Work request - Which of the lines in the data mention the string "Photo"? List them all.

Scraped caption text data:
▽

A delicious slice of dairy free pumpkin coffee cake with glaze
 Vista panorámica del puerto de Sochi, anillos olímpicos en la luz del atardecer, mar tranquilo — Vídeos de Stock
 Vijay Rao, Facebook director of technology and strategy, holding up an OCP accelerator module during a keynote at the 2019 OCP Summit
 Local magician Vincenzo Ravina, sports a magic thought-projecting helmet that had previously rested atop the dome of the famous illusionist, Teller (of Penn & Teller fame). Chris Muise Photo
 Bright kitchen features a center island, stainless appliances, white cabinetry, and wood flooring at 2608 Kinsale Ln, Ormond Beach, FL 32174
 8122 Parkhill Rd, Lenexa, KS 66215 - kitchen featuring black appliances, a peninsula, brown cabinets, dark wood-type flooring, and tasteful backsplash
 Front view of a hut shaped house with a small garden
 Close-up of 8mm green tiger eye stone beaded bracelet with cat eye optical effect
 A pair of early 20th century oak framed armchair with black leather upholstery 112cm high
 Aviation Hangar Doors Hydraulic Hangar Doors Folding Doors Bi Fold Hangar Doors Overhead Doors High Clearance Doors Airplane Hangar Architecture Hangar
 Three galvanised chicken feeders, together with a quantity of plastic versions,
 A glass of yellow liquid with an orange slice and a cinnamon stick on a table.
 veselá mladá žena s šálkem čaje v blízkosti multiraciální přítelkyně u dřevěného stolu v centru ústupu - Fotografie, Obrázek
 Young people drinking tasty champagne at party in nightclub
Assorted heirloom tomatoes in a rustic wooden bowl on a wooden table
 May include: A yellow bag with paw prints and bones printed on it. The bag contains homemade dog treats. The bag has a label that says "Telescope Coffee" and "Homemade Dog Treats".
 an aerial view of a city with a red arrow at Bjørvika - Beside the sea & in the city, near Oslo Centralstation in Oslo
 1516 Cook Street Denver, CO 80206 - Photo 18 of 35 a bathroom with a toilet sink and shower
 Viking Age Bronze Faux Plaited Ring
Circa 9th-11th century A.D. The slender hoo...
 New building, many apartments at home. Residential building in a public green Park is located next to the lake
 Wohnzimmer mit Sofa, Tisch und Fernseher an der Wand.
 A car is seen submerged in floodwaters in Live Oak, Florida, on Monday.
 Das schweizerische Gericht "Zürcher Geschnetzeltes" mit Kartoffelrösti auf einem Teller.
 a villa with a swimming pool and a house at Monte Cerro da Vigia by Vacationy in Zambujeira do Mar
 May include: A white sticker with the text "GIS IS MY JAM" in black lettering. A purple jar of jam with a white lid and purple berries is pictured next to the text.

△

Written answer -
 Local magician Vincenzo Ravina, sports a magic thought-projecting helmet that had previously rested atop the dome of the famous illusionist, Teller (of Penn & Teller fame). Chris Muise Photo
 1516 Cook Street Denver, CO 80206 - Photo 18 of 35 a bathroom with a toilet sink and shower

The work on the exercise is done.